More than 350 IMN followers, led by firebrand cleric Ibrahim Zakzaky, were killed in clashes with the military in the northern town of Zaria in December 2015.

Trouble started on December 12 of that year when Zakzaky's supporters refused to allow the chief of army staff's convoy to pass through the town, sparking violence.

Zakzaky, who was shot and injured leaving him partly paralyzed and blind in one eye, remains in protective custody, according to the military.

He has repeatedly been imprisoned for alleged incitement and subversion.

IMN has been in conflict with the Nigerian government for years, seeking to foment an Iranian-style Islamic revolution in the country's Sunni Muslim-majority north.

Amnesty, marking the International Day of the Disappeared, also hit out at disappearances of young men "often seized by the military after being accused of affiliation to the armed group Boko Haram."
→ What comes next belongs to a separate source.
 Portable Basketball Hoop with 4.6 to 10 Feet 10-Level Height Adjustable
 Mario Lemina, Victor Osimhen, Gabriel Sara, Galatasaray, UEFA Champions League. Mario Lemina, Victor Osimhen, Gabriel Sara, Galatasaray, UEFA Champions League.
Amnesty said hundreds of other civilians had disappeared in the restive northeast during the jihadist group's brutal eight-year insurgency. Many more are being held illegally in "secret detention," it charged.

"The families of the victims of enforced disappearance have already waited too long for answers," Amnesty's statement said. "They deserve justice, truth and reparation now." 

The uprising by Boko Haram, which is seeking to impose hardline Islamic law in Nigeria's mainly-Muslim north, has claimed the lives of at least 20,000 people and forced some 2.6 million others to flee their homes since 2009.